A special session of the assembly is considering a motion to dismiss Pohiva Tu'i'onetoa on three counts of professional misconduct.
The motion, moved by Prime Minister Lord Tu'ivakano, followed allegations by Tu'i'onetoa that $212,196.40 of aid money provided by New Zealand and Australia could not be accounted for.
The prime minister claims the auditor general had insulted the New Zealand government when he told TVNZ that McCully was "two-faced" over the issue.
According to news website Matangi Tonga the special session effectively put the auditor general on trial by parliament.
"The fact that the Tongan Parliament is putting the auditor general on trial is complicated by the fact that the house is the judge, the prosecutor and also the plaintiff," Matangi Tonga says.

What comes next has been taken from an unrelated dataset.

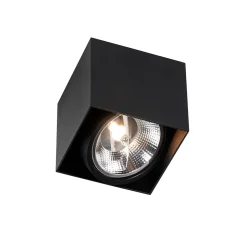 Spot design noir carré AR111 - Box
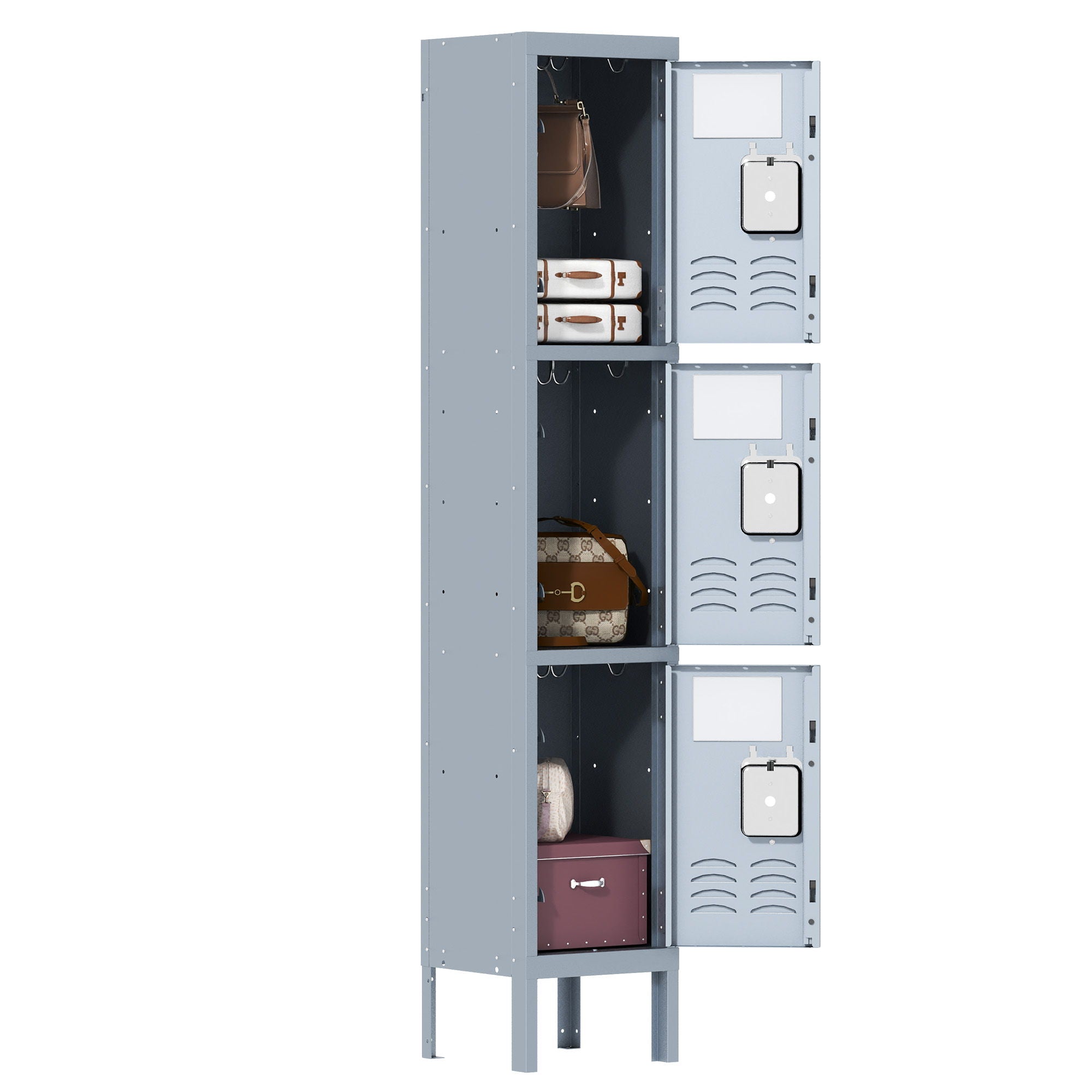 Lockers For Employees With 3 Door Storage Locker Durable For Gym, School, Office - Gray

A difficulty is that for a trial, the auditor general should be able to call witnesses and to defend himself, but the auditor general can only do that in committees, but not in the house.
The motions claim that by insulting the New Zealand government the auditor general damaged the diplomatic relations between Tonga and New Zealand.
The auditor general made the comment after McCully stated that an independent audit report found no fraud in New Zealand's financial contribution to Tonga's political reform, and that any irregularities were due to accounting errors.
Tu'i'onetoa said in his written defence that he denied that he had ever spoken to the TVNZ, but he admitted to have spoken to one Setita Finau and a companion.
Finau was a former student of his who worked closely with the Tongan community in New Zealand.
He said that he later discovered that Finau worked for television news, Matangi Tonga says
He said that his discussion with Finau was in Tongan and the question that Finau was particularly interested in was the "missing" amount of $212,196.40, and that if government was using it for something else other than the Political Reform Program, what was it?
He also stated in his response that he had received a letter from Australian and the New Zealand High Commissions in Tonga requesting that the remaining funds were to be returned, 55.6 percent to Australia and 44.4 percent to New Zealand.
The assembly is continuing to debate the issue.